[[ Working data, beginning ]]
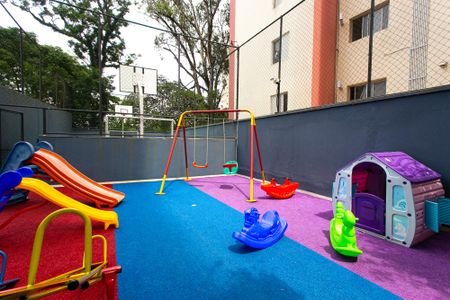 Apartamento à venda com 68m², 3 quartos e 1 vagaÁrea comum - Playground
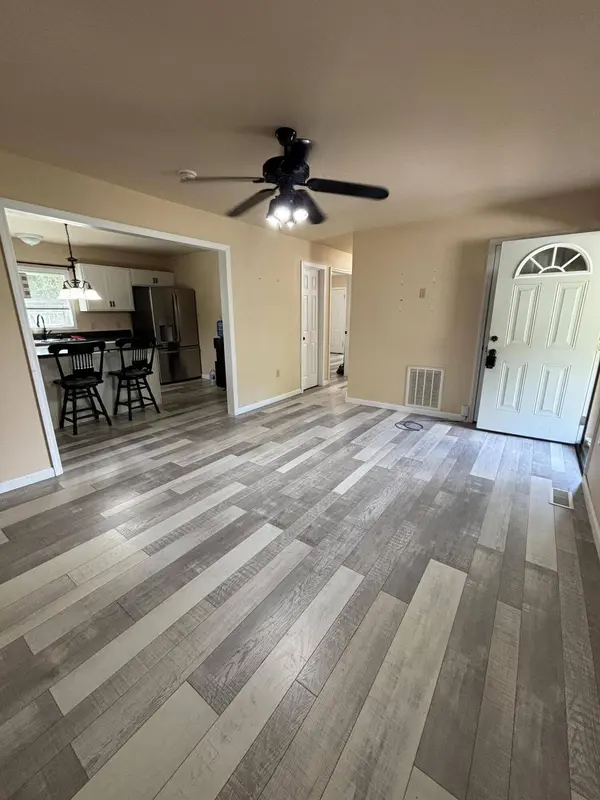 10007 US-421, Mckee, KY 40447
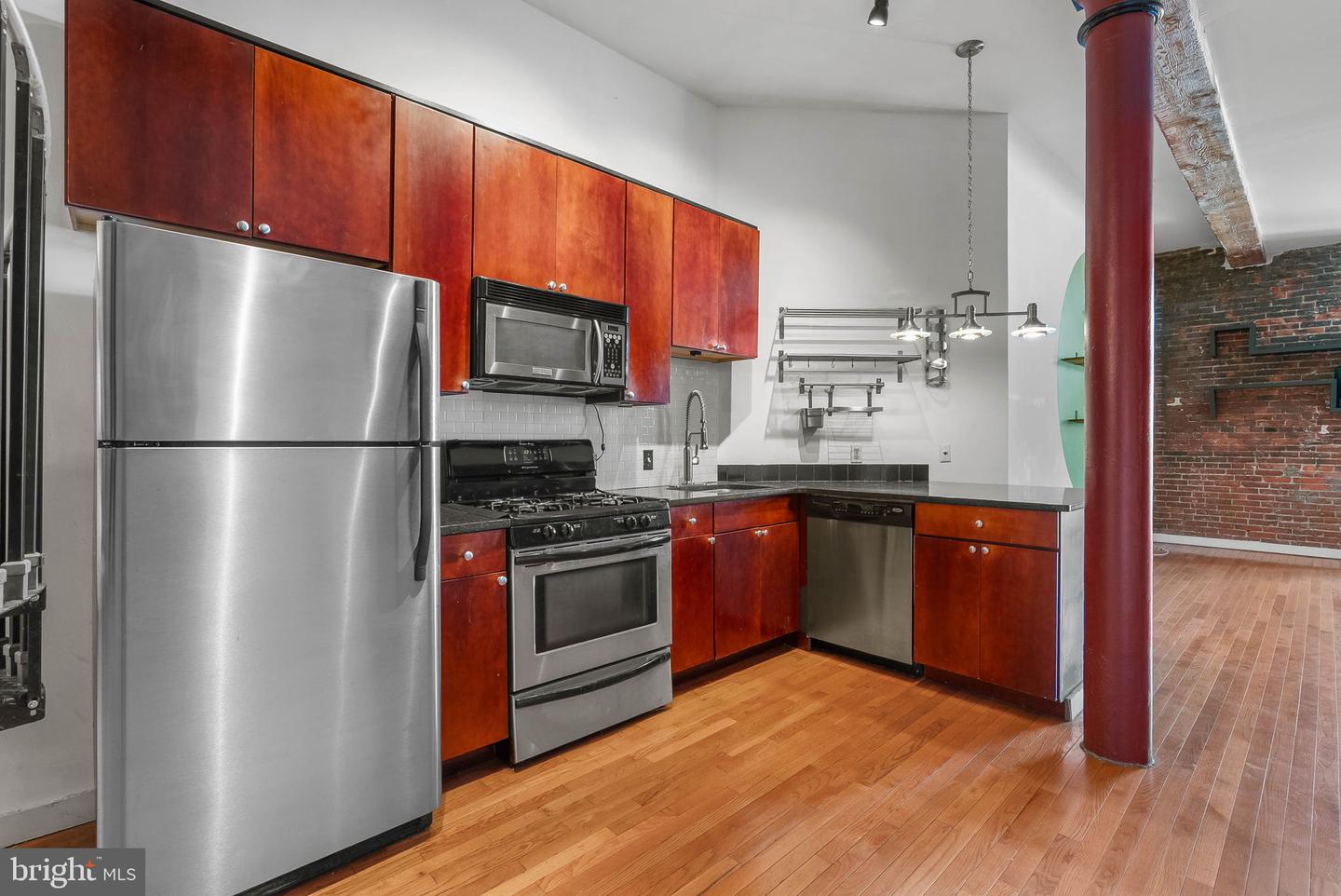 828 N Hancock St #3c Property Photo 4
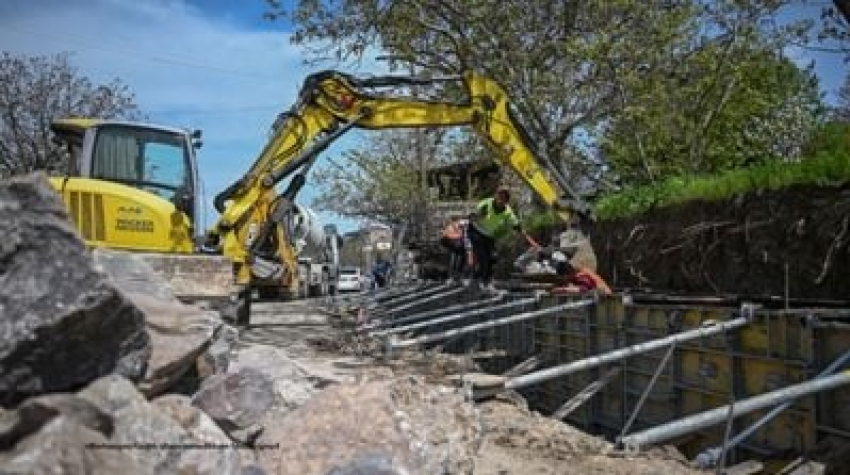 Հիմնանորոգվում է Երևան-Գառնի-Գեղարդի վանք հանրապետական նշանակության ավտոճանապարհի մի հատվածը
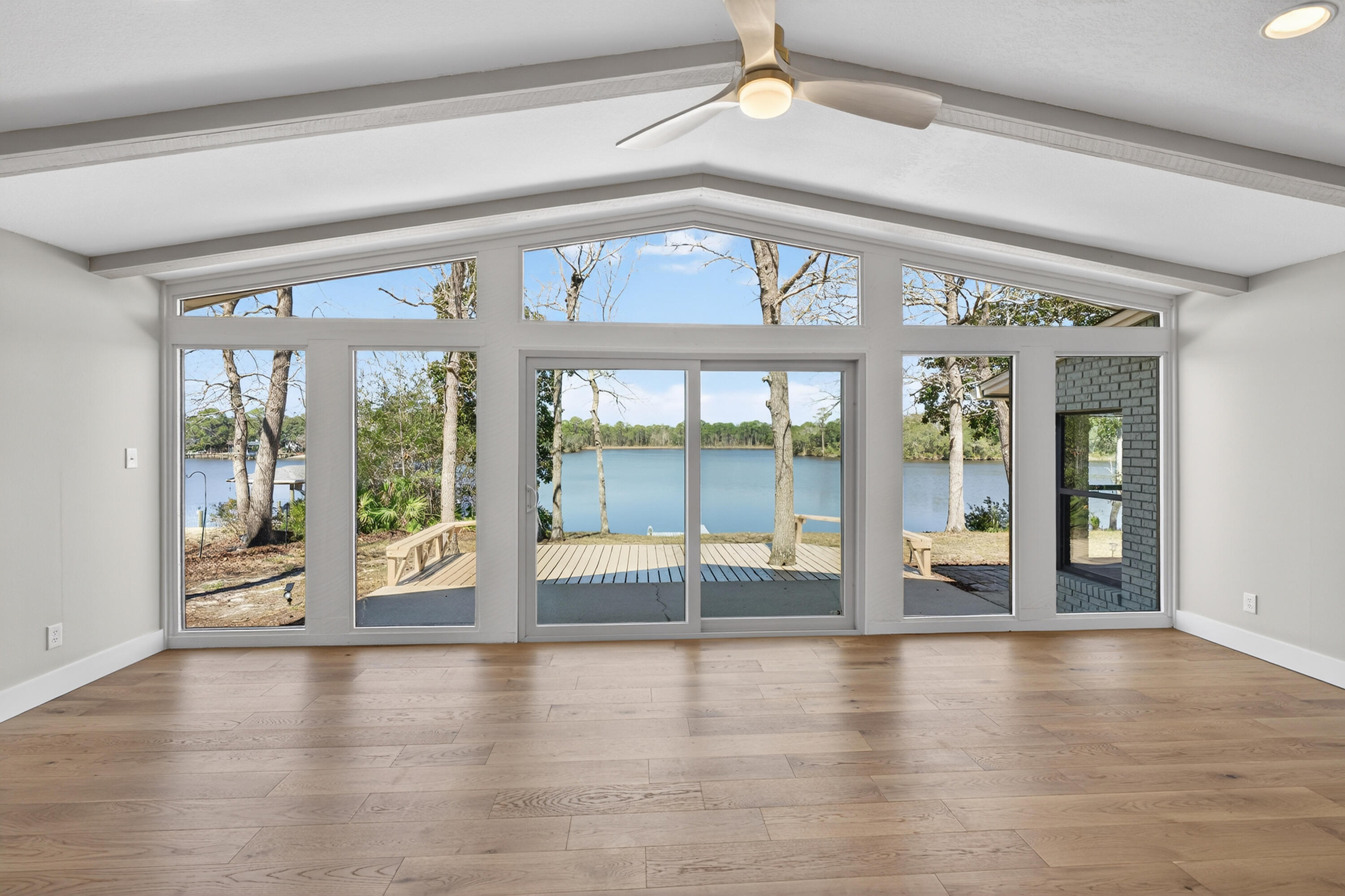 LAKE PIPPIN - Residential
[[ Working data, end ]]
* Description of the task
Verbatim repeat, images removed: give each entry again exactly as it reads.

* Response to this exercise
 Apartamento à venda com 68m², 3 quartos e 1 vagaÁrea comum - Playground
 10007 US-421, Mckee, KY 40447
 828 N Hancock St #3c Property Photo 4
 Հիմնանորոգվում է Երևան-Գառնի-Գեղարդի վանք հանրապետական նշանակության ավտոճանապարհի մի հատվածը
 LAKE PIPPIN - Residential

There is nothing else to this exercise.